What it doesn’t take is a whole lot of outdoor camping. Unlike other Overland trips, the American Challenge spends only one third of nights camping outside. Instead, families across the country open their homes, pools, or churches to a group of kids they’ve never met. After a long day of biking, a little air conditioning and a homemade meal can make even 100 miles seem worth it. And it’s this generosity of strangers that makes the American Challenge possible in the first place.

Sherry and Marion Whinrey have been hosting Overland groups for the past 20 years. That first summer, Sherry saw an unfamiliar group of kids biking to the park across from their house in Union, Mississippi. The Whinreys went out to investigate and learned, much to their surprise, that the kids would be sleeping there — in the park! Due to a miscommunication with the Chamber of Commerce, dinner wasn’t organized for these students as expected. Enter Sherry, who churned out a feast of sweet tea, popcorn, and PB&J’s. Twenty years later, she’s got hosting down to an art.

Melinda McLarnon got her first call from the Overland office 10 years ago. That first group took over her big house in Jackson, Georgia, spreading sleeping bags upstairs and downstairs. She cooked dinner and did everyone’s laundry. She says, “I absolutely fell in love with the kids.”

These families make hosting into a celebration and treat the bikers on their teen summer adventures like local celebrities. In Union, they’re escorted by the fire truck. Everyone turns out to watch “the bicycle kids.” The sheriff of Jackson greets the kids at the town line as they enter and exit, and then they’re treated to a free meal at Melinda’s restaurant.

The kindness and generosity these families extend to kids who are not their own is genuinely moving. Year after year, they organize laundry and trips to the pool. They sponsor free dinners and set off fireworks. They pull out old newspapers featuring articles with Overland kids or photo albums of past visits, where students can recognize their sibling or a friend from school.

When asked what inspires this generosity, Sherry talked about how it’s an opportunity for her town to rise to the occasion.
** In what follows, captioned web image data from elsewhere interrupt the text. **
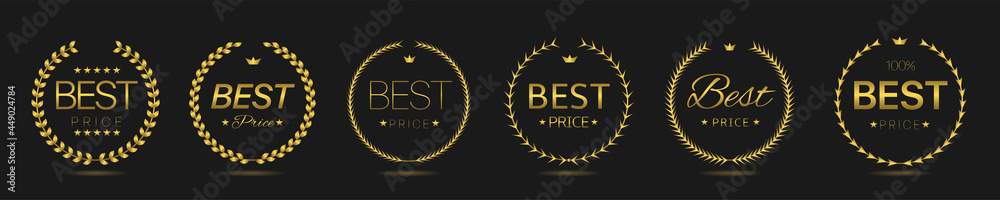 Fototapeta premium Best price Golden laurel wreath label set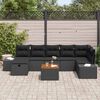 vidaXL Tuin Sofa Set met kussen met opslag 8 pcs Zwart Poly riet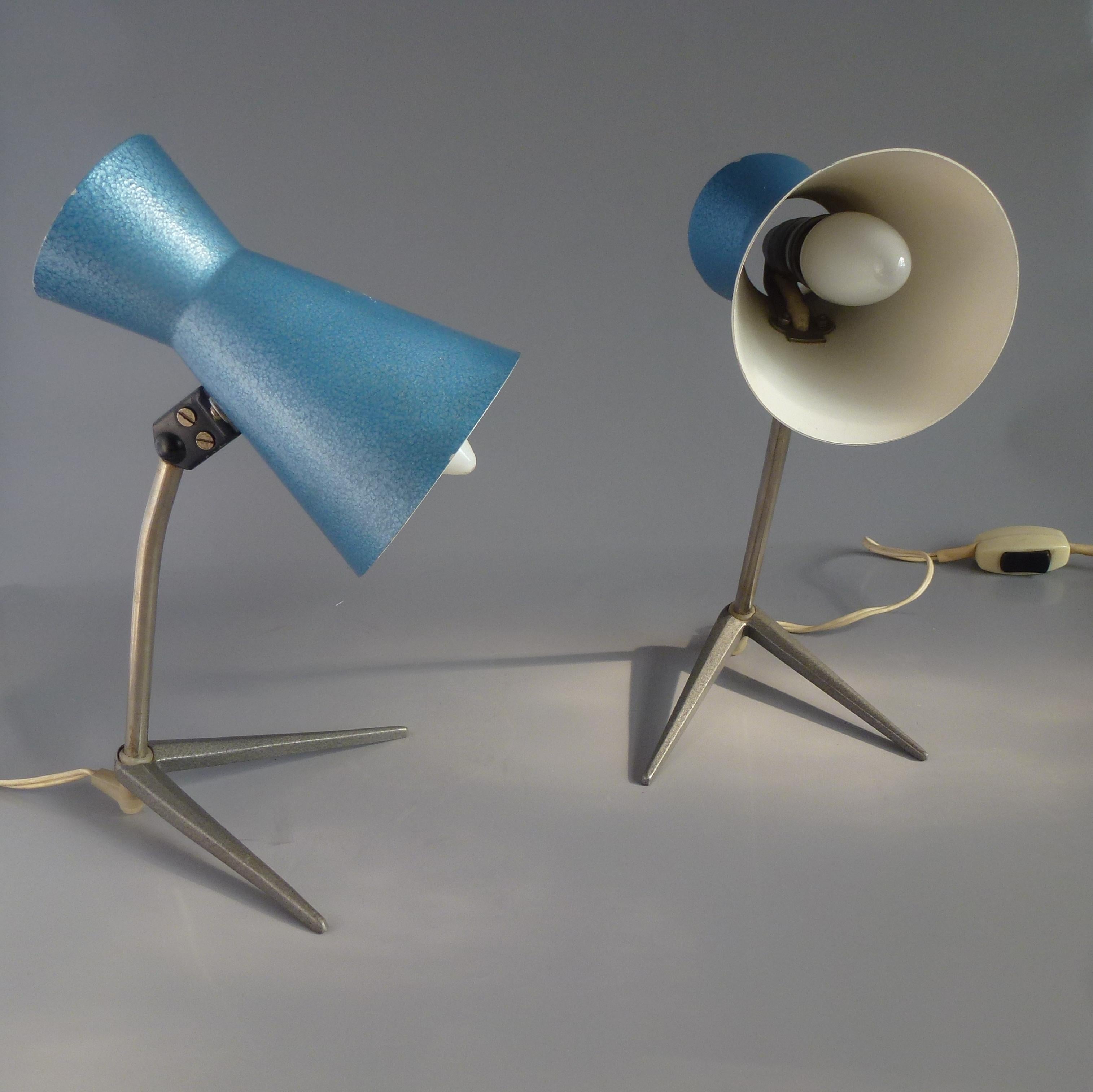 Mid-Century Modern Original Blue Color Pair of Nightstand or Table Lamps, Hungary 1960s For Sale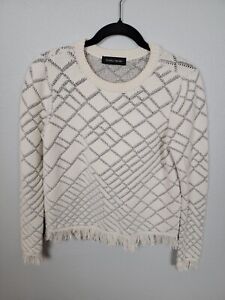 Ivanka Trump Women's Sweater Soft White Pullover Fringe Trim Small/Petite 
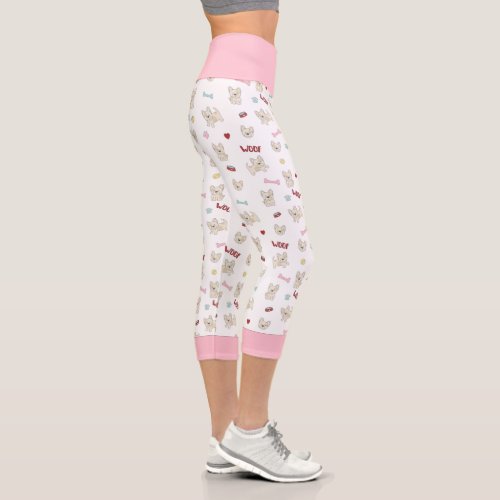 French bulldog hearts paw print dog bone and bowl capri leggings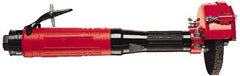 Chicago Pneumatic - 4" Wheel Diam, 12,000 RPM, Pneumatic Angle & Disc Grinder - 3/8-24 Spindle, 34 CFM, Rear Exhaust - USA Tool & Supply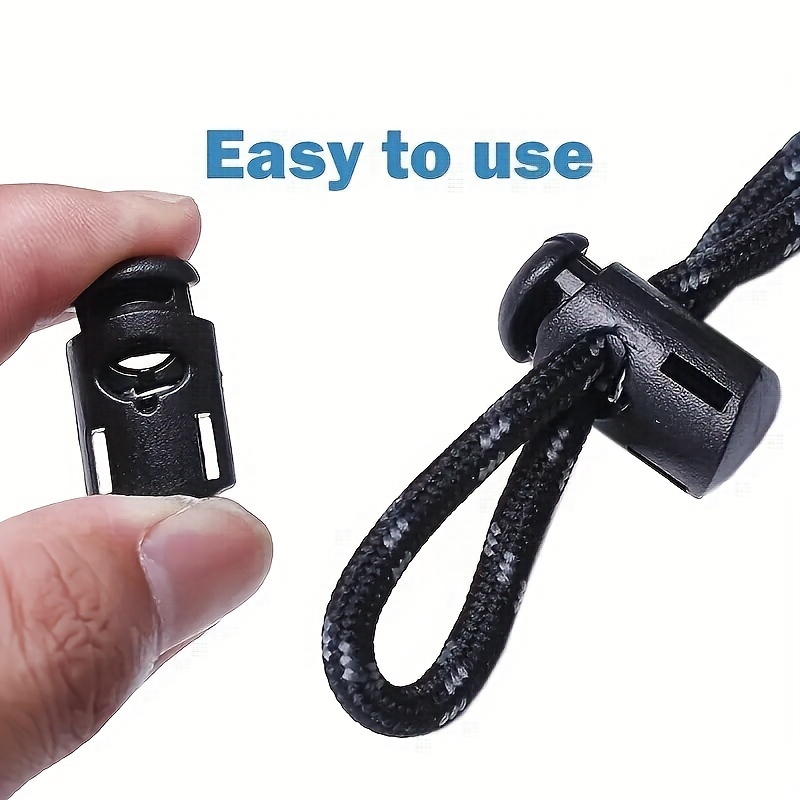 40Pcs Cord Lock Plastic Cord Locks for Drawstrings Black Spring Toggle  Stopper with 4 Sizes Elastic Cord Adjuster Shoelace Fastener Lock for  Drawstring Paracord Shoelaces Clothing and Bags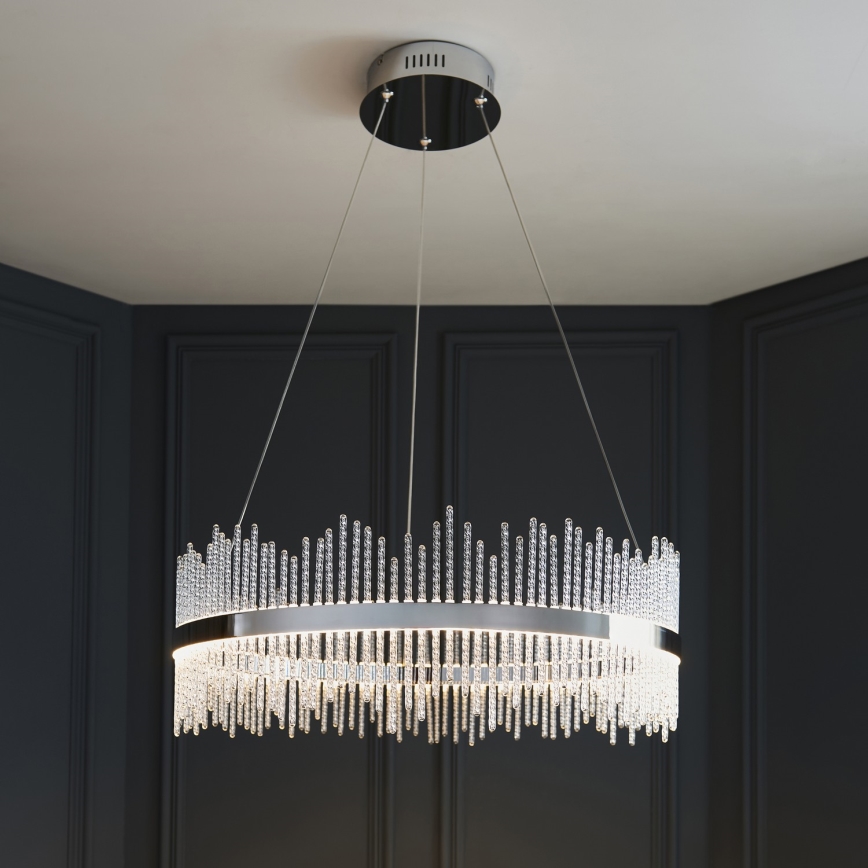 Endon 107108 - Lampadario LED a sospensione su cavo, 56W/230V, 3000K, cromo lucido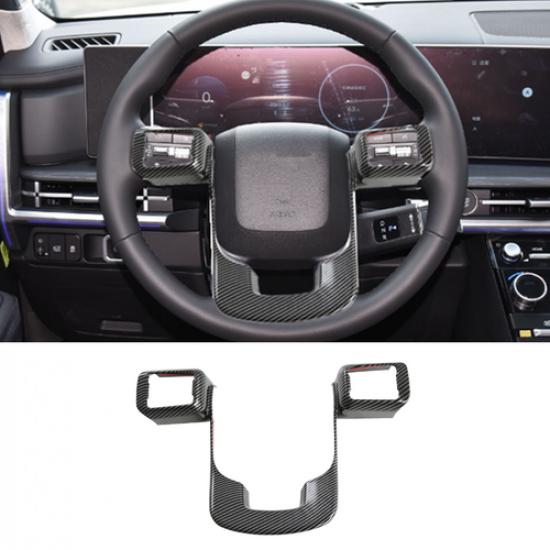 Carbon Fiber Steering Wheel Decor Frame Trim For Hyundai Santa Fe 2024 2025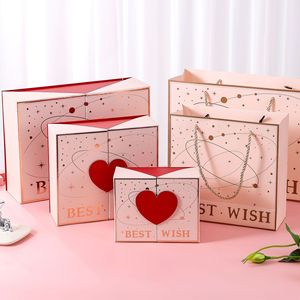 <b>Creative</b> Double-door Valentine's Day <b>Gift</b> Box Recycled Materials Rigid Structure Glossy Lamination High-end Cosmetic Packaging - Product Image 5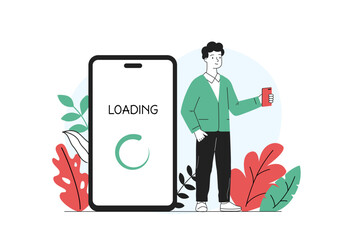 Man loading smartphone. Young guy turns on gadget or devices. Downloading files and updating operating system and software, application. Linear vector illustration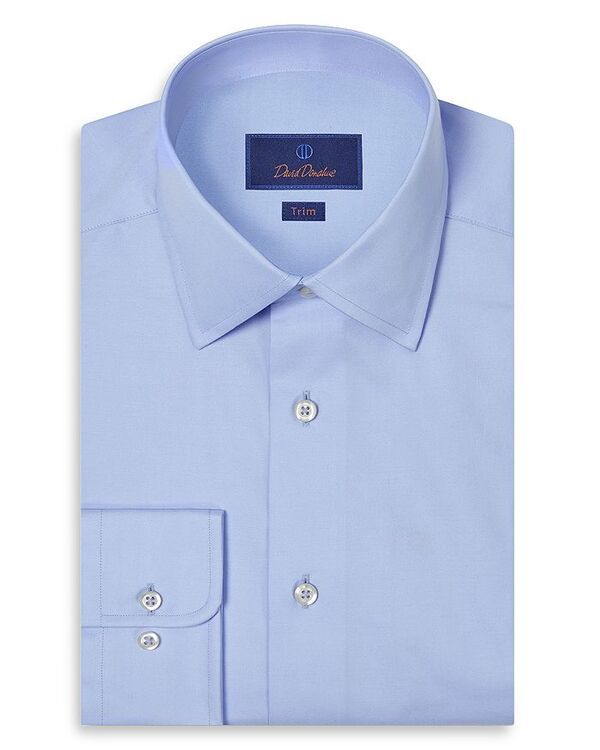 デイビッドドナヒュー レディース トップス シャツ David Donahue Super Fine Twill Trim Fit Dress Shirt Sky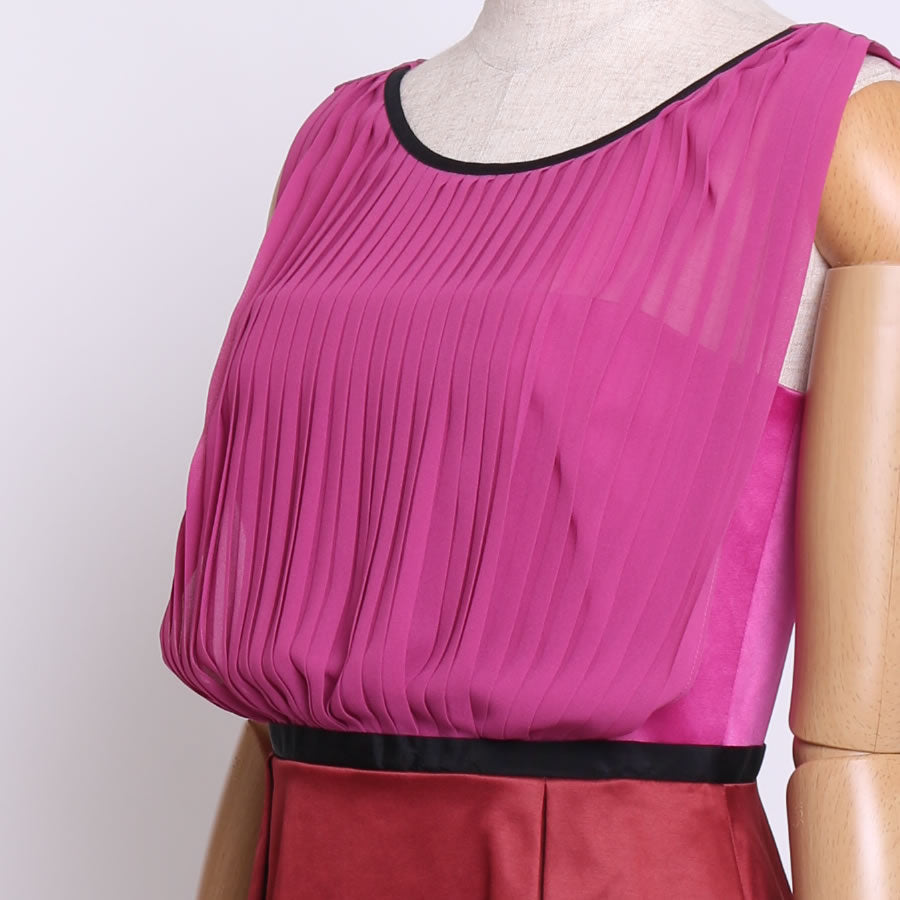 バイカラー デザインドレス(Lサイズ／ピンク／MAX＆Co(マックスアンドコー))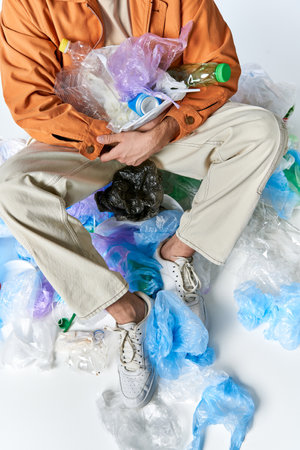 A man sits amongst a pile of plastic bags and bottles, holding more in his lap.の写真素材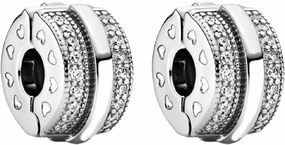 2Pcs Clip Charms for Bracelets 925 Sterling Silver with Cubic Zirconia Shell Pink Pavé Family Always Stopper Birthday Christmas Jewelry Gifts for Women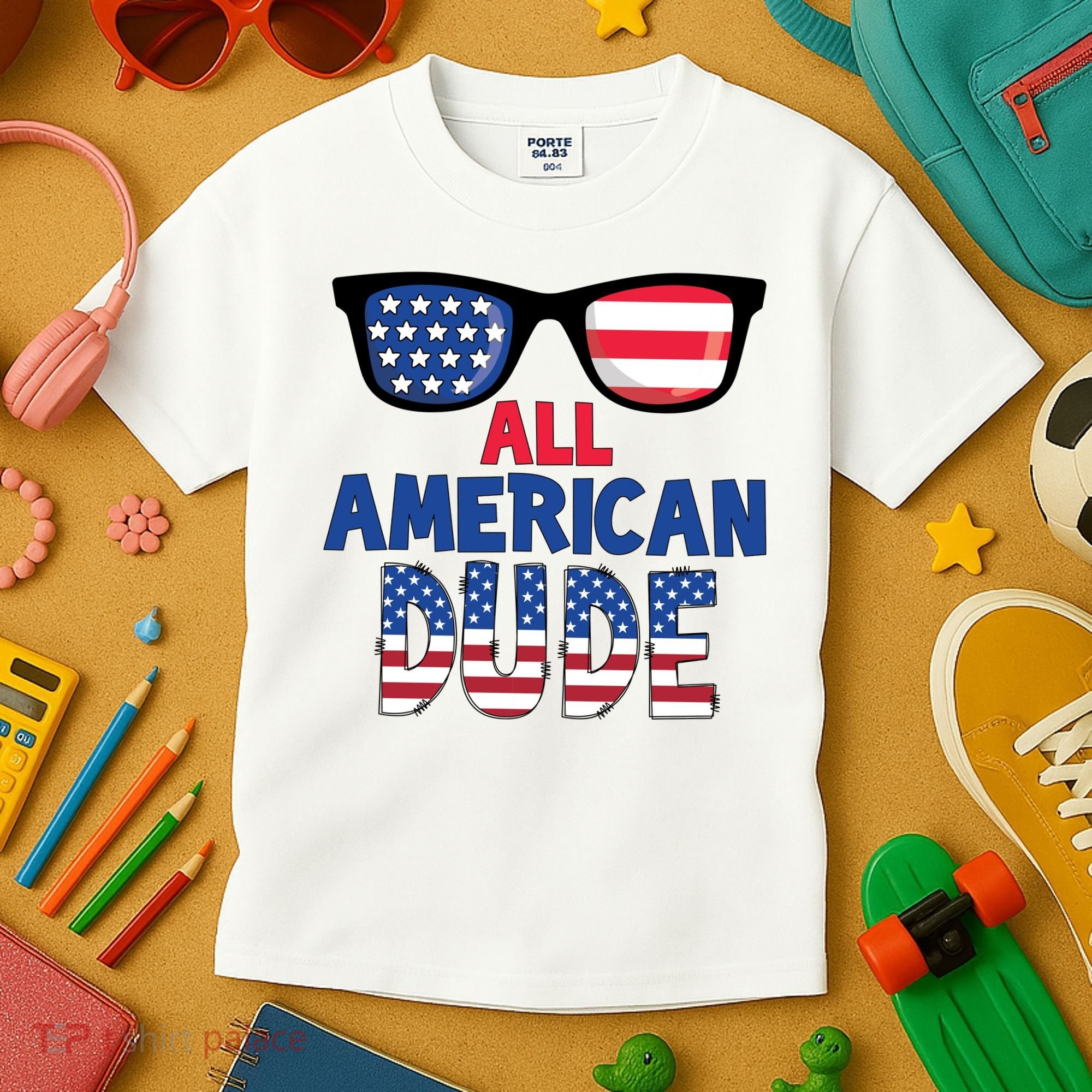 All American Dude 4th Of July Kids T-Shirt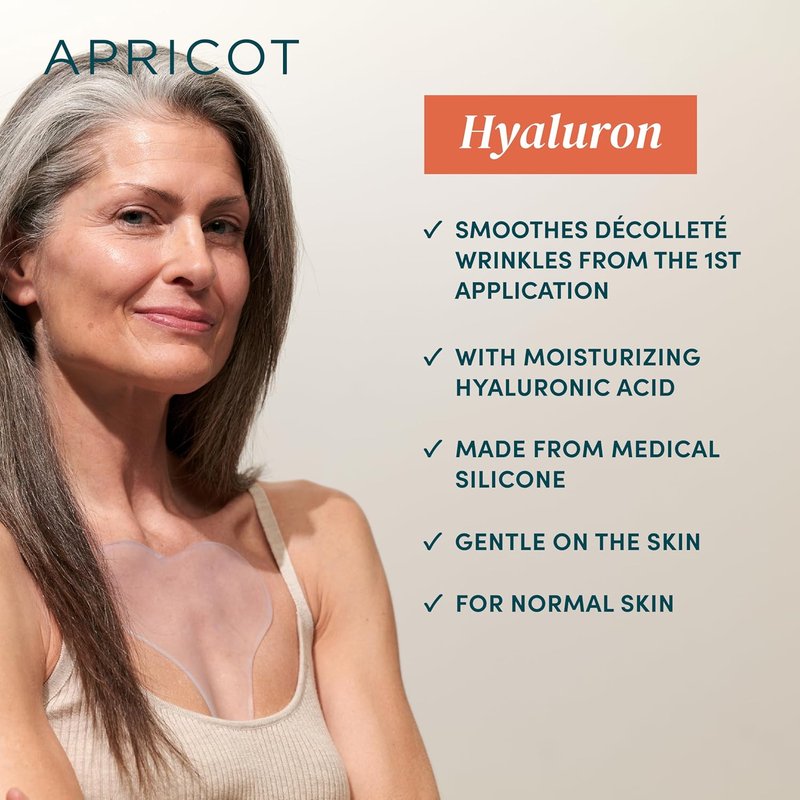 Silicone Chest Wrinkle Pad - Reusable Hyaluronic Acid Anti-Wrinkle Patch | 30x Décolleté Skin Tightening Solution, Made in Germany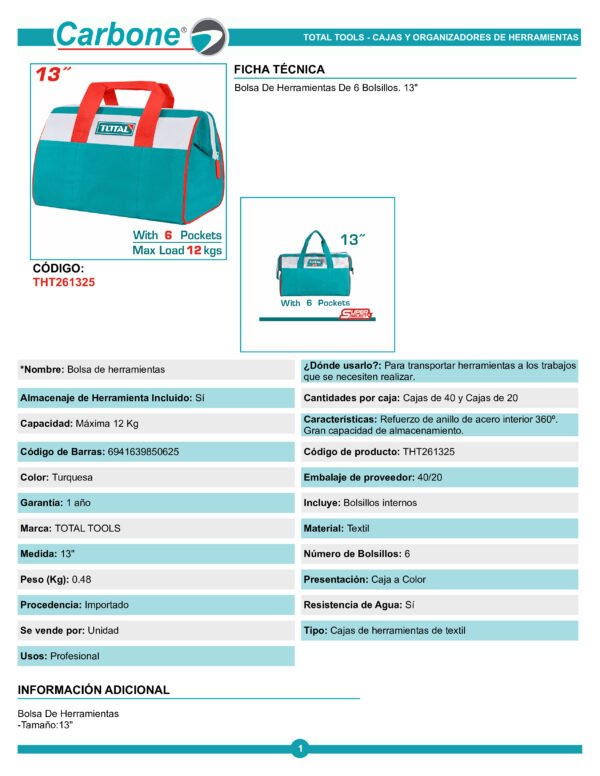 Kit X 3 Maletas De Herramientas Morrales 13pg Tht261325 Tota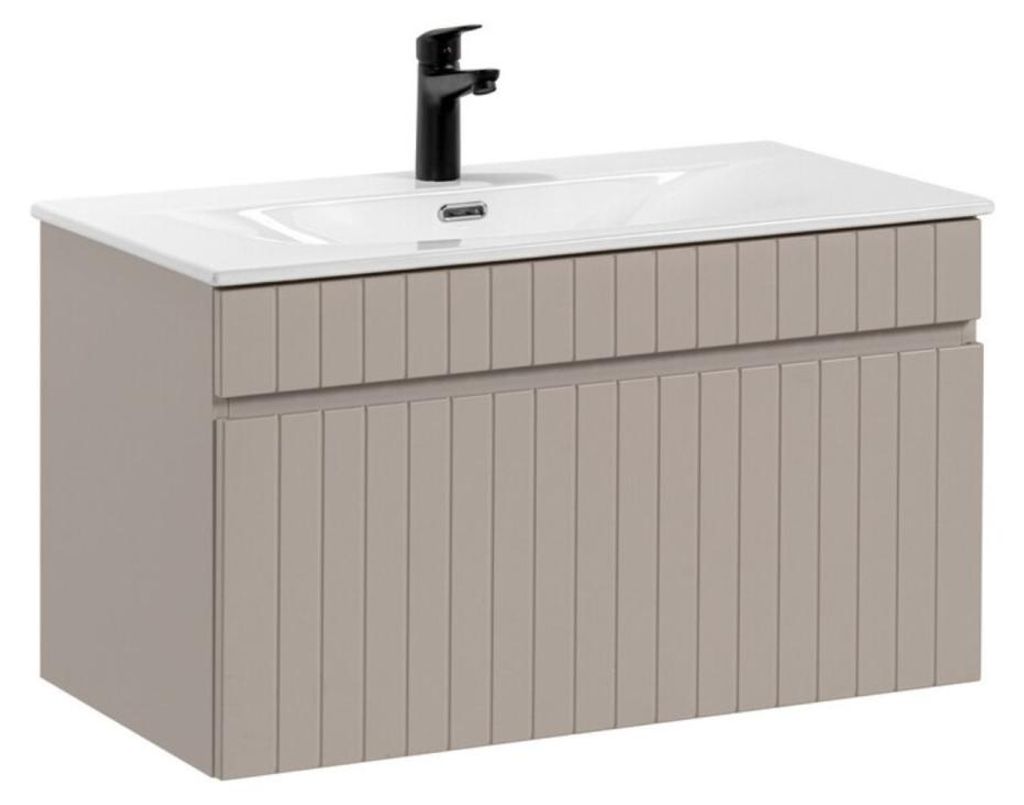 Badezimmer-Set ICON: Waschbeckenunterschrank 80cm Kaschmir + weißes Einbauwaschbecken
And she loves to see students come back as leaders in later years. Melinda agreed: she has kids of her own, but she feels like these students are her kids, too.

If completing the American Challenge teaches you anything, it’s the importance of having an open heart. There are people across the country who upend their lives and empty their cupboards for a group of dusty bikers. It takes courage of all types to complete this journey, and the courage to be open and kind to others is just as integral to the American Challenge as that first glimpse of the Santa Monica Pier.